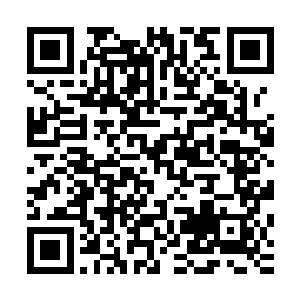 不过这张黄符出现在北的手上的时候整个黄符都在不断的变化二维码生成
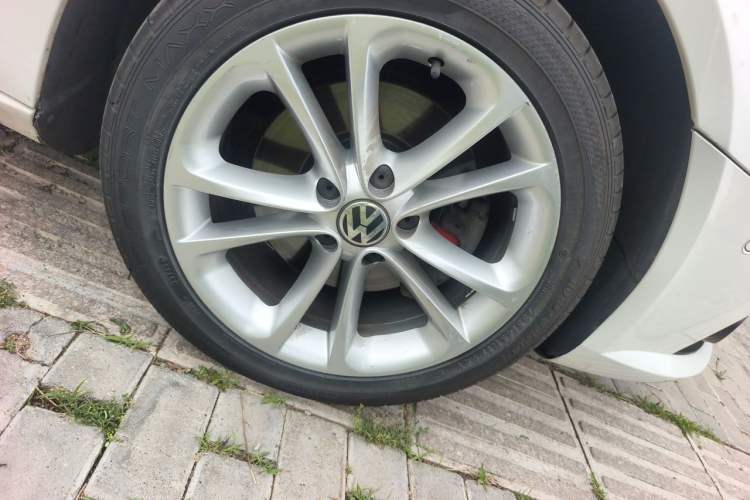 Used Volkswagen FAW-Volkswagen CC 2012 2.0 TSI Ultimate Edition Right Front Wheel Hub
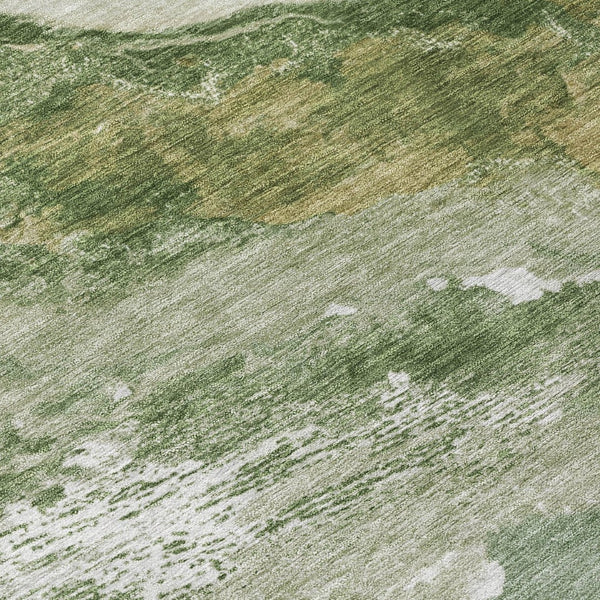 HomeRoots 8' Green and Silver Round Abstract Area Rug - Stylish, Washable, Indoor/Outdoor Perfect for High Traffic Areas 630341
==
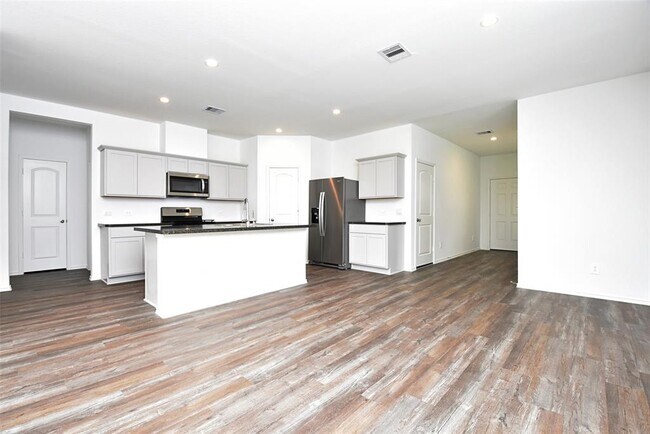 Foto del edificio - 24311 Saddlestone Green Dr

**Exercise instructions:**
Drop the pictures; return the lines above from the line containing "不过这张黄符出现在北的手上的时候整个黄符都在不断的变化二维码生成" to the line containing "HomeRoots 8' Green", both included, exactly.

**Answer to this exercise:**
 不过这张黄符出现在北的手上的时候整个黄符都在不断的变化二维码生成
 Used Volkswagen FAW-Volkswagen CC 2012 2.0 TSI Ultimate Edition Right Front Wheel Hub
 HomeRoots 8' Green and Silver Round Abstract Area Rug - Stylish, Washable, Indoor/Outdoor Perfect for High Traffic Areas 630341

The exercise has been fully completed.